RECORD SET
-- Opening Marker --
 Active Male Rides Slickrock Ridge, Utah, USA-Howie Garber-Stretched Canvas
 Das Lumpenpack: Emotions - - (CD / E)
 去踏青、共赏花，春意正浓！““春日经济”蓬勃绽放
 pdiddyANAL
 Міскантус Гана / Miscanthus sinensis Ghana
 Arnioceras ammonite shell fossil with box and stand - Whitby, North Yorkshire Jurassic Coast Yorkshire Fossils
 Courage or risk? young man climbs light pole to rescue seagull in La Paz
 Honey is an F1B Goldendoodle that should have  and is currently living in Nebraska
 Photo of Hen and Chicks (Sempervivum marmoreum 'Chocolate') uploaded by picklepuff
-- Closing Marker --
-- Opening Marker --
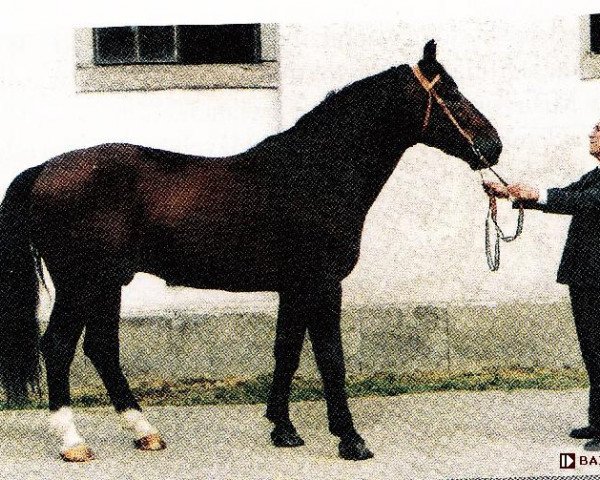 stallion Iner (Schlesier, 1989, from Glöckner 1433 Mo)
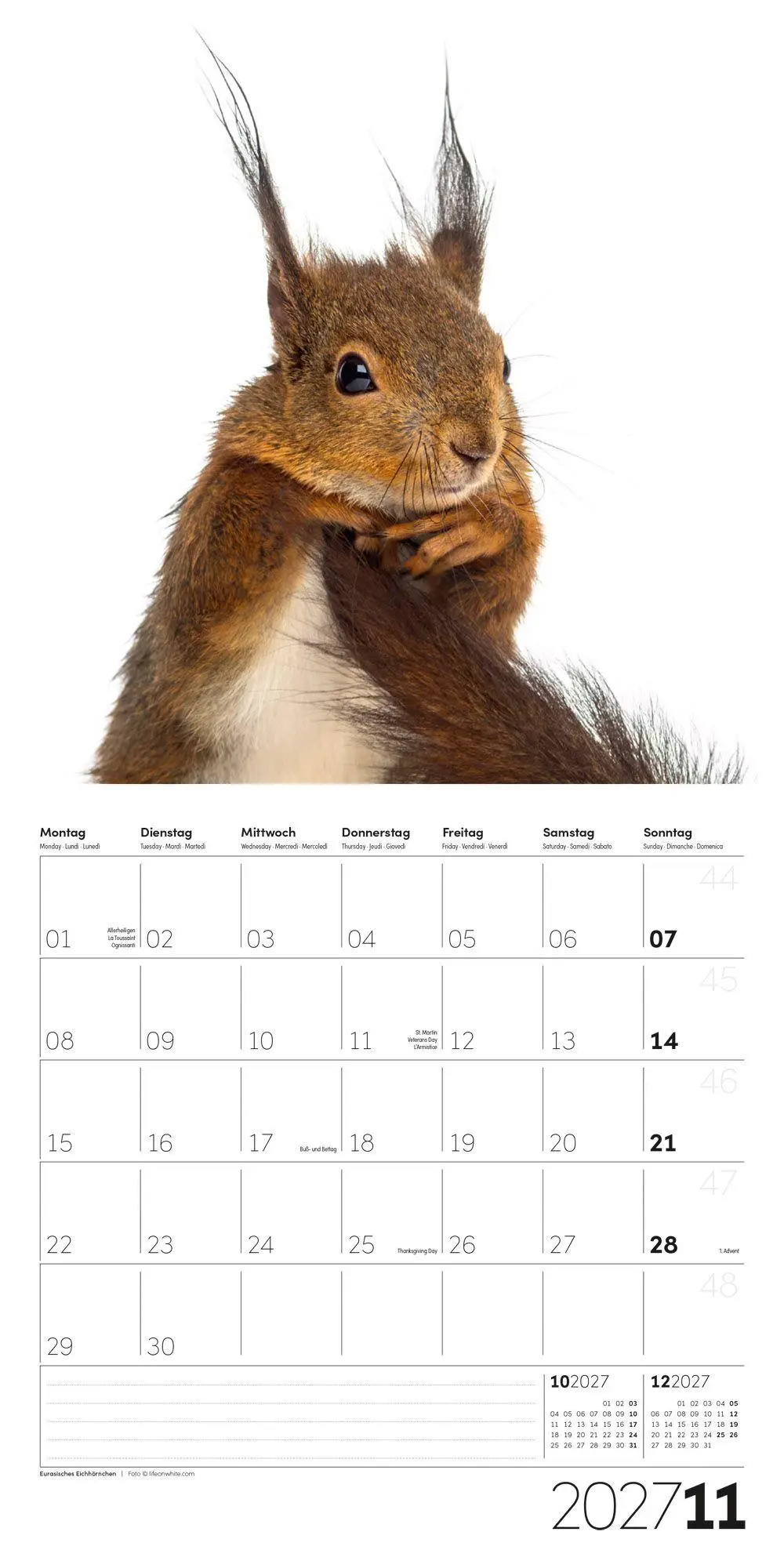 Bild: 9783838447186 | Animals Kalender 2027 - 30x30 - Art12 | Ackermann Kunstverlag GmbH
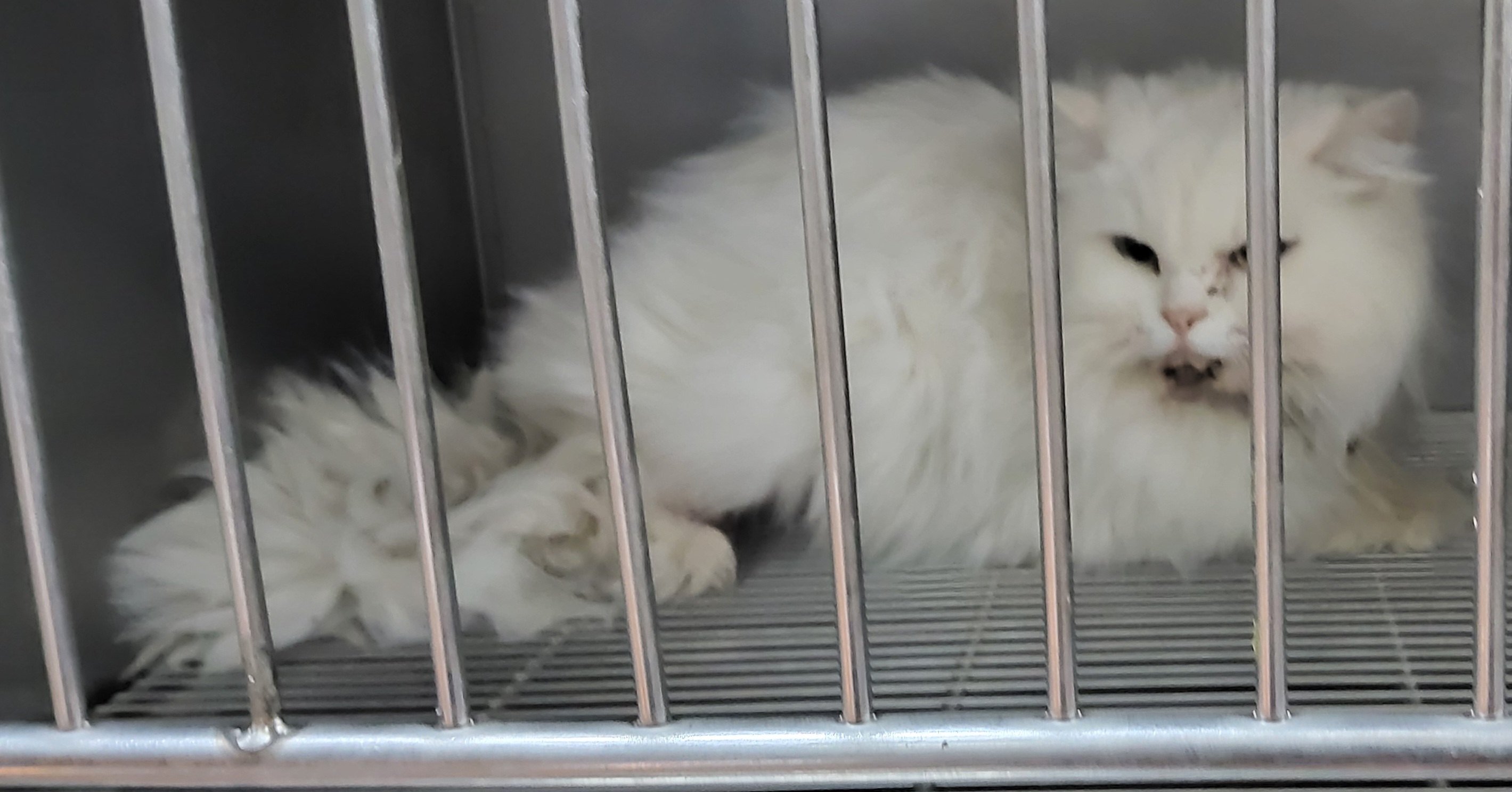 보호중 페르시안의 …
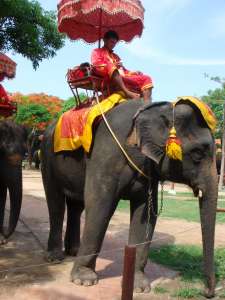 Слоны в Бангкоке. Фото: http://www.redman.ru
-- Closing Marker --
TASK ITEM
In the listing above, find the line with "Active Male Rides" and the line with "Photo of Hen"; output exactly those lines and all lines between them.

SOLUTION
 Active Male Rides Slickrock Ridge, Utah, USA-Howie Garber-Stretched Canvas
 Das Lumpenpack: Emotions - - (CD / E)
 去踏青、共赏花，春意正浓！““春日经济”蓬勃绽放
 pdiddyANAL
 Міскантус Гана / Miscanthus sinensis Ghana
 Arnioceras ammonite shell fossil with box and stand - Whitby, North Yorkshire Jurassic Coast Yorkshire Fossils
 Courage or risk? young man climbs light pole to rescue seagull in La Paz
 Honey is an F1B Goldendoodle that should have  and is currently living in Nebraska
 Photo of Hen and Chicks (Sempervivum marmoreum 'Chocolate') uploaded by picklepuff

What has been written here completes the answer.